[[ Input records open ]]

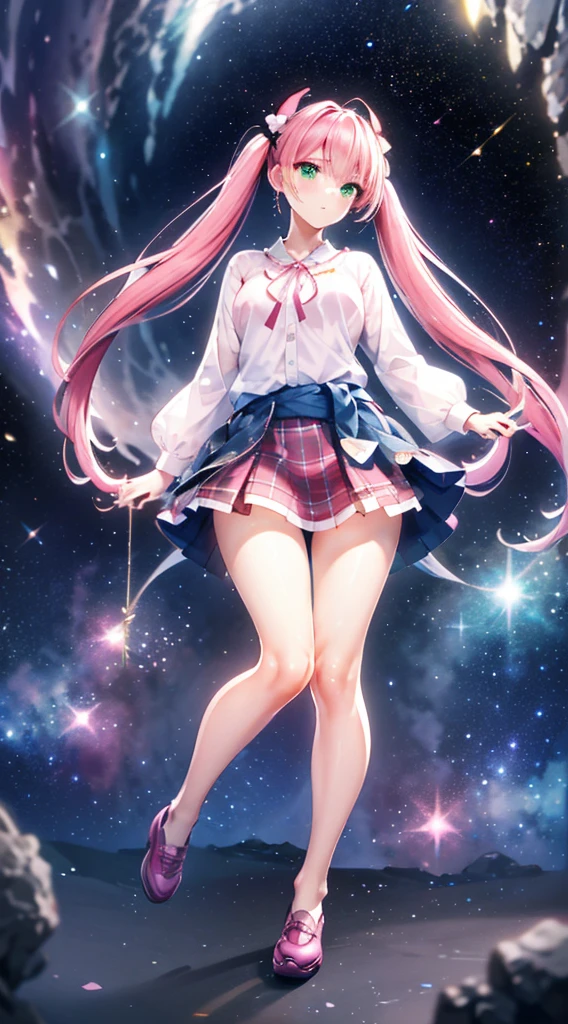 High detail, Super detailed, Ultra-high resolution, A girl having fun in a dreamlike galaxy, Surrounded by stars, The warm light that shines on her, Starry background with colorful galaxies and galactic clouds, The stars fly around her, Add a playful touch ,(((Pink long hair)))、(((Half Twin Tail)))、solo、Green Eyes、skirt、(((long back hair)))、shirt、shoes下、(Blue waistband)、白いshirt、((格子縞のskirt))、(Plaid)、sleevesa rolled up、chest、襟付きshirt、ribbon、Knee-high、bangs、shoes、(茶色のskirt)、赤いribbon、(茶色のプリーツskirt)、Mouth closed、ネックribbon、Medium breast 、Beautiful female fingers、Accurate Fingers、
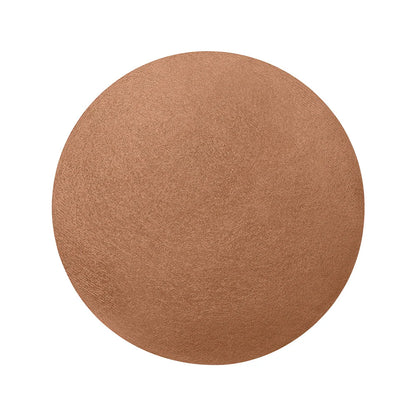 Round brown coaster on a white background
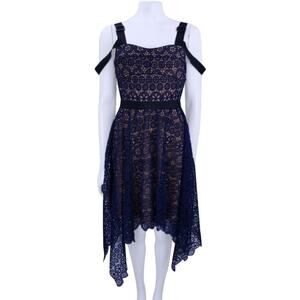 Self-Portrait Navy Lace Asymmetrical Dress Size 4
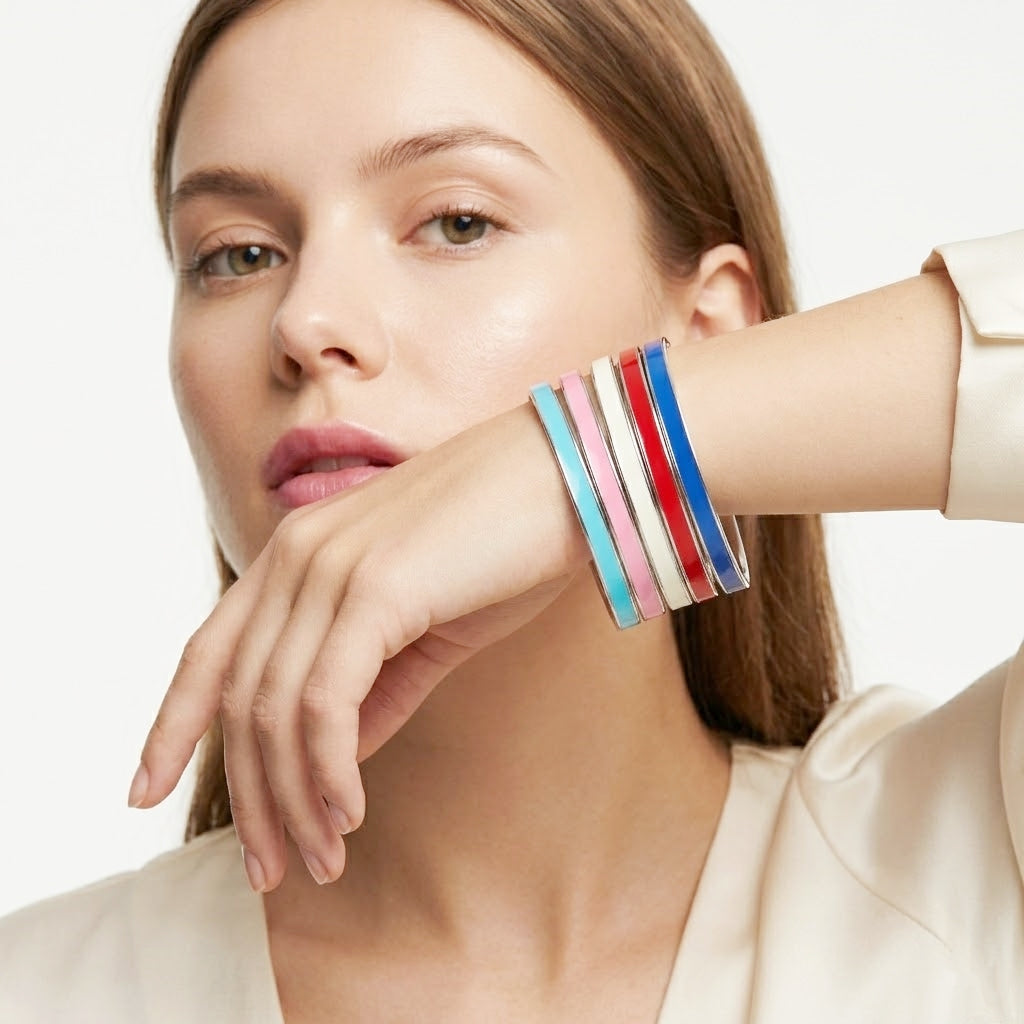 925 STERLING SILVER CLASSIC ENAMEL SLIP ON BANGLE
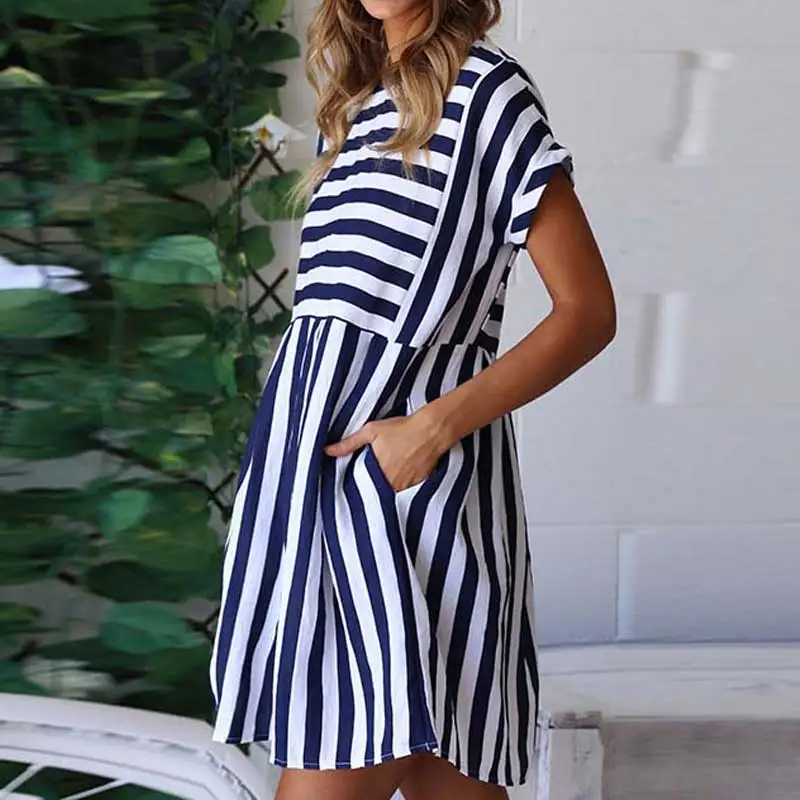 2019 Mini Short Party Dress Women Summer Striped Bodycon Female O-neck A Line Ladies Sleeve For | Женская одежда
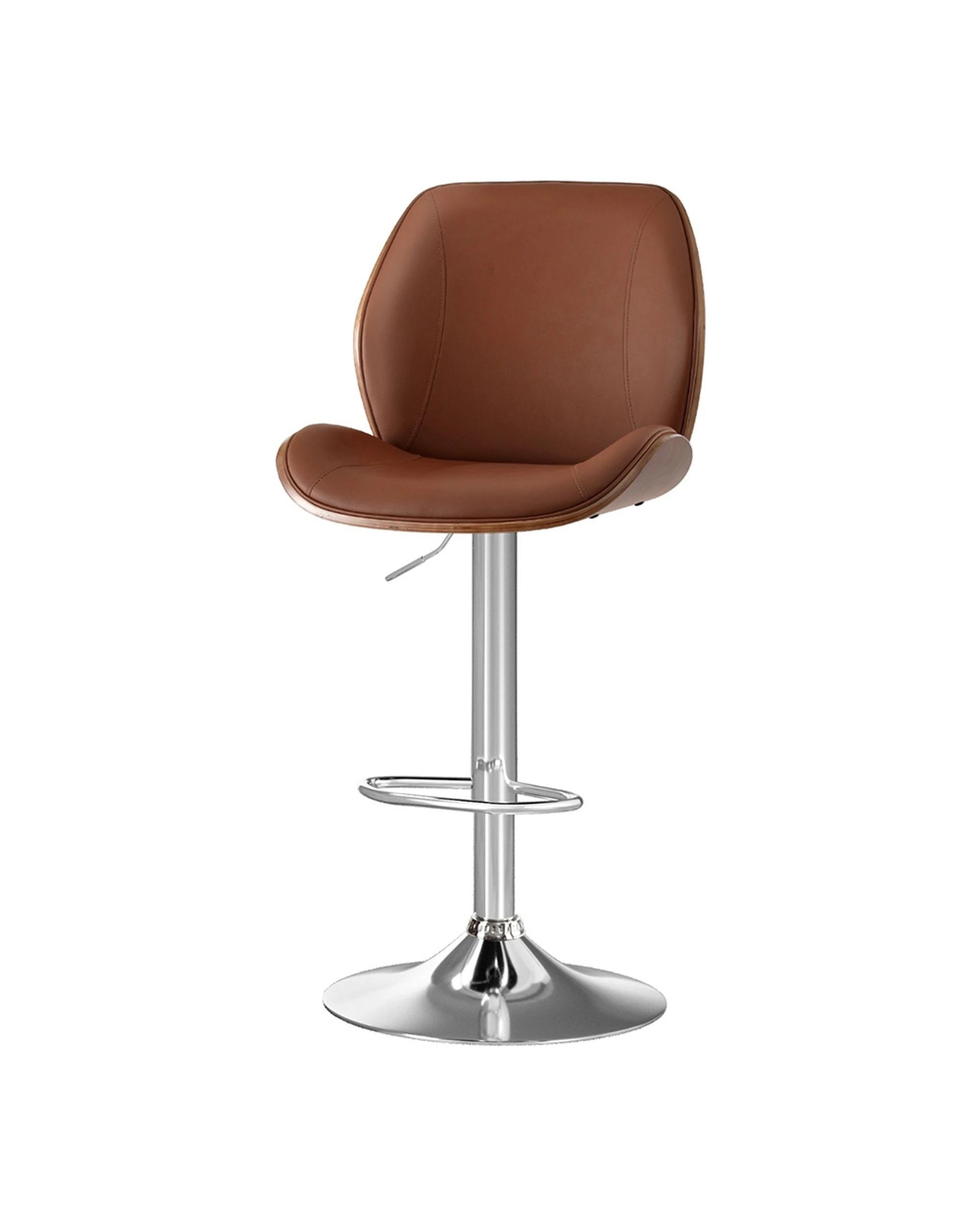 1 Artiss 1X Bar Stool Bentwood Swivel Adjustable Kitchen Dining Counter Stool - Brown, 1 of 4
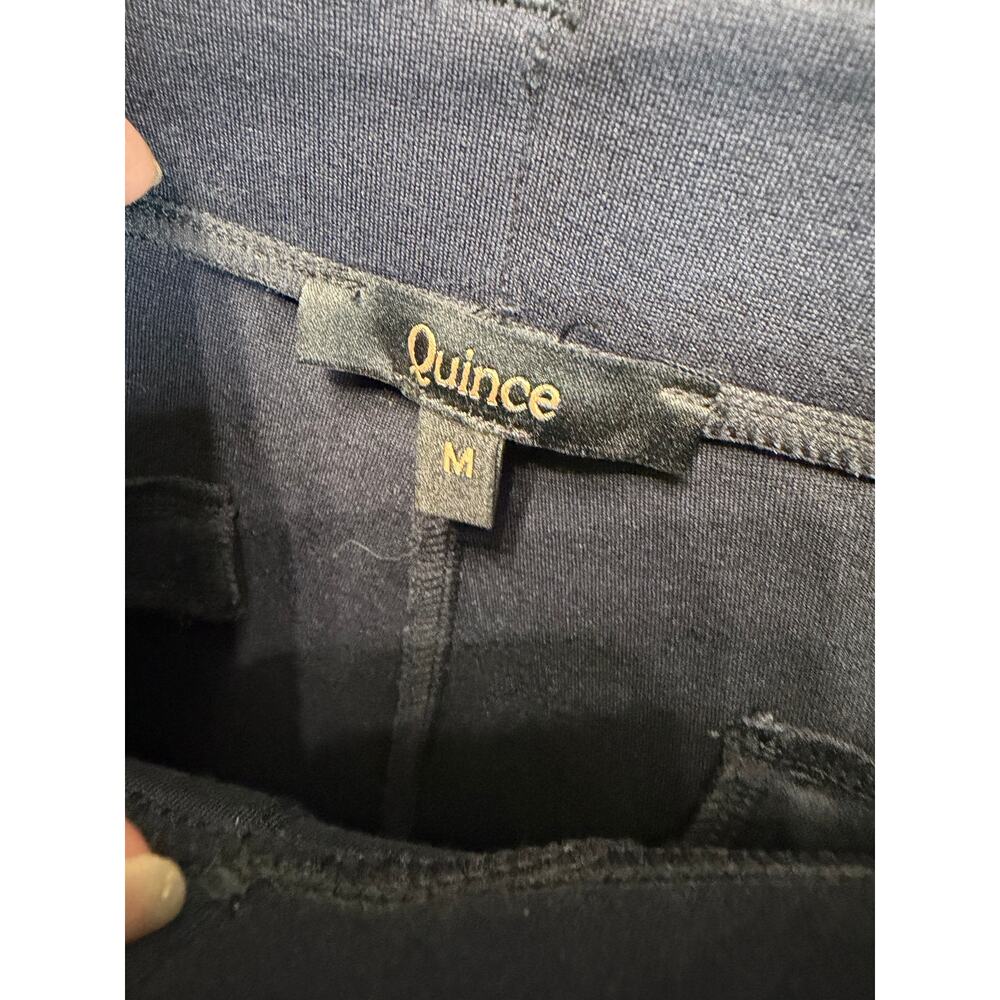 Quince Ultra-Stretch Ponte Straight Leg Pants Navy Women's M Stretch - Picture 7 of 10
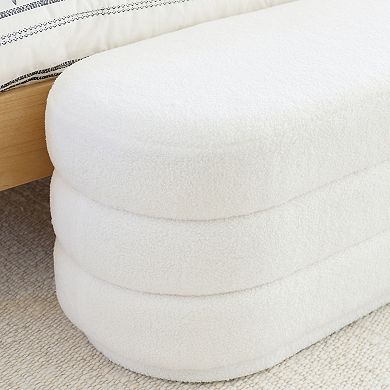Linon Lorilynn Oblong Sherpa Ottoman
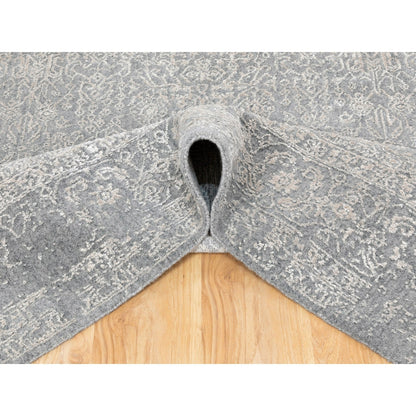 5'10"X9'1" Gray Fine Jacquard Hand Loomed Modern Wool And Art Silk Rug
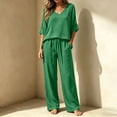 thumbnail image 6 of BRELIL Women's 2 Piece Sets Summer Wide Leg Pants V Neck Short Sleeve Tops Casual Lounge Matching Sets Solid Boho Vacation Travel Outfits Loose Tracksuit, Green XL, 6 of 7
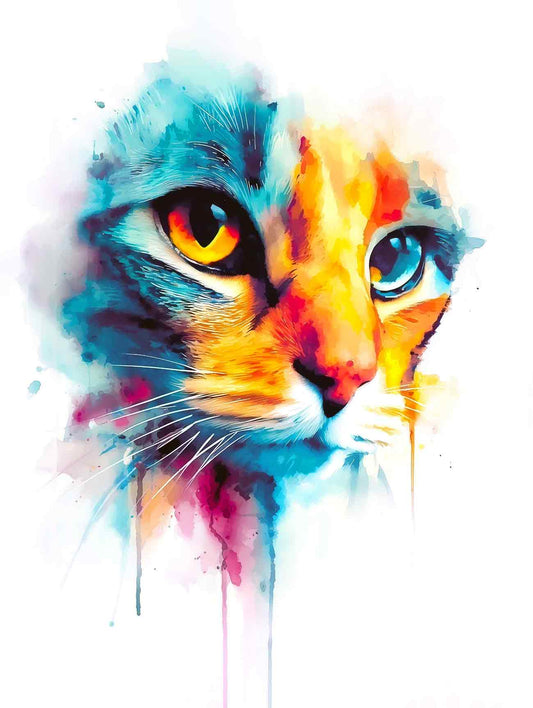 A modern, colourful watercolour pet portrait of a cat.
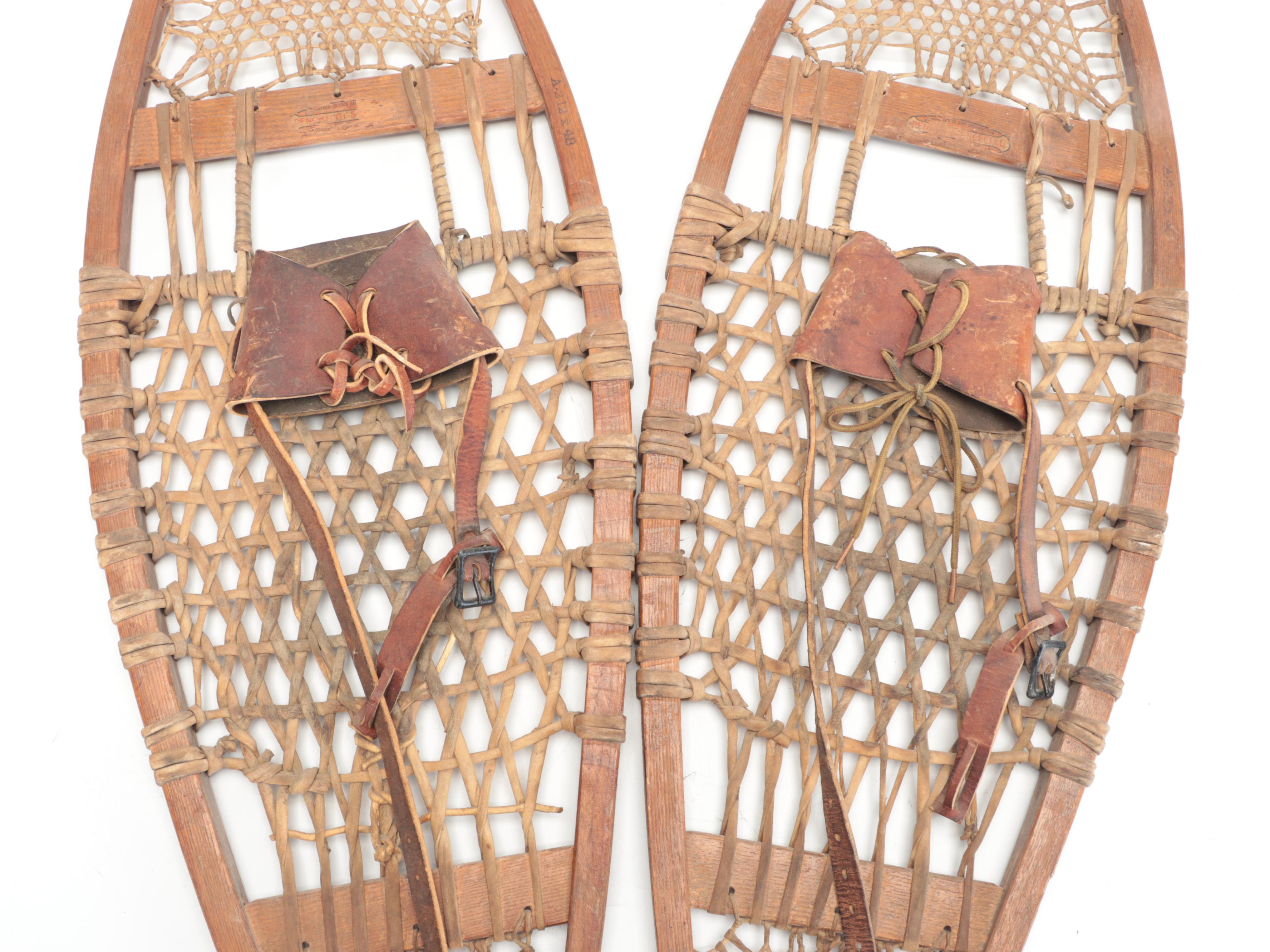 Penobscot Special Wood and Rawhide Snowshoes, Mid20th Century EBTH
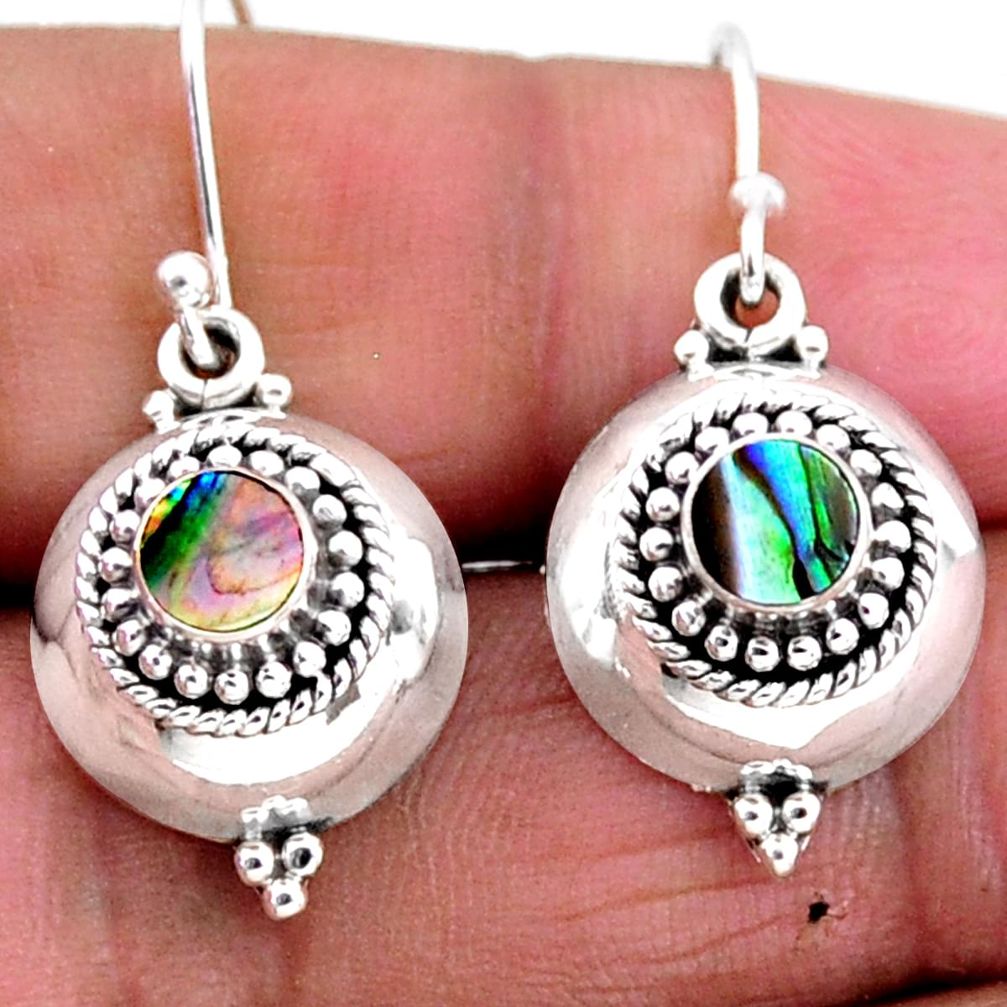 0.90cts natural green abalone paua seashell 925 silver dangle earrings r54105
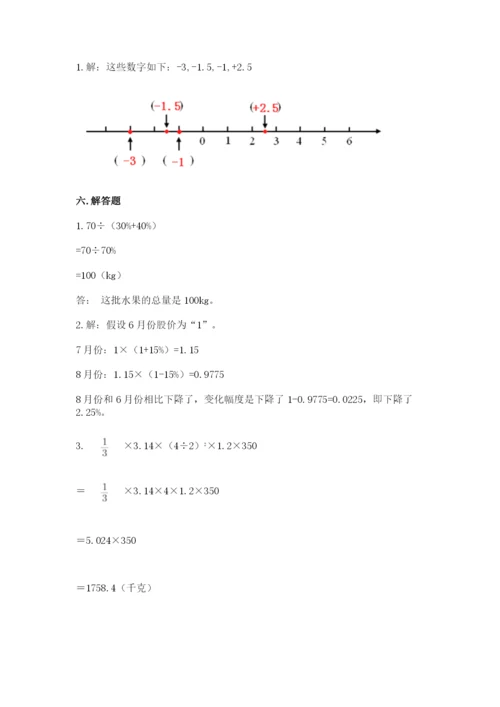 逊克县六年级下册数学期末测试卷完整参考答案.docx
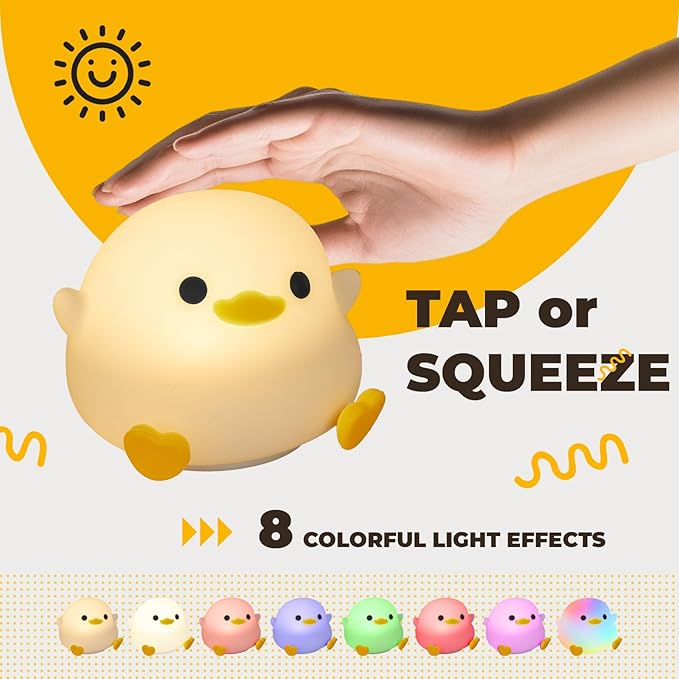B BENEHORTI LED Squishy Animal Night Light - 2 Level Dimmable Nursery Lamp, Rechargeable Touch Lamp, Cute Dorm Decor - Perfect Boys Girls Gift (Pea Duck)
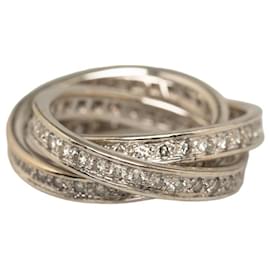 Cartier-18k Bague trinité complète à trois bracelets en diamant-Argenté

[[ Input records closed ]]

▸ Exercise
Reproduce the material above in full, images excluded.

▸ Response to the exercise
 High detail, Super detailed, Ultra-high resolution, A girl having fun in a dreamlike galaxy, Surrounded by stars, The warm light that shines on her, Starry background with colorful galaxies and galactic clouds, The stars fly around her, Add a playful touch ,(((Pink long hair)))、(((Half Twin Tail)))、solo、Green Eyes、skirt、(((long back hair)))、shirt、shoes下、(Blue waistband)、白いshirt、((格子縞のskirt))、(Plaid)、sleevesa rolled up、chest、襟付きshirt、ribbon、Knee-high、bangs、shoes、(茶色のskirt)、赤いribbon、(茶色のプリーツskirt)、Mouth closed、ネックribbon、Medium breast 、Beautiful female fingers、Accurate Fingers、
 Round brown coaster on a white background
 Self-Portrait Navy Lace Asymmetrical Dress Size 4
 925 STERLING SILVER CLASSIC ENAMEL SLIP ON BANGLE
 2019 Mini Short Party Dress Women Summer Striped Bodycon Female O-neck A Line Ladies Sleeve For | Женская одежда
 1 Artiss 1X Bar Stool Bentwood Swivel Adjustable Kitchen Dining Counter Stool - Brown, 1 of 4
 Quince Ultra-Stretch Ponte Straight Leg Pants Navy Women's M Stretch - Picture 7 of 10
Linon Lorilynn Oblong Sherpa Ottoman
 5'10"X9'1" Gray Fine Jacquard Hand Loomed Modern Wool And Art Silk Rug
 thumbnail image 6 of BRELIL Women's 2 Piece Sets Summer Wide Leg Pants V Neck Short Sleeve Tops Casual Lounge Matching Sets Solid Boho Vacation Travel Outfits Loose Tracksuit, Green XL, 6 of 7
 A modern, colourful watercolour pet portrait of a cat.
 Penobscot Special Wood and Rawhide Snowshoes, Mid20th Century EBTH
 0.90cts natural green abalone paua seashell 925 silver dangle earrings r54105
 逊克县六年级下册数学期末测试卷完整参考答案.docx
B BENEHORTI LED Squishy Animal Night Light - 2 Level Dimmable Nursery Lamp, Rechargeable Touch Lamp, Cute Dorm Decor - Perfect Boys Girls Gift (Pea Duck)
 Cartier-18k Bague trinité complète à trois bracelets en diamant-Argenté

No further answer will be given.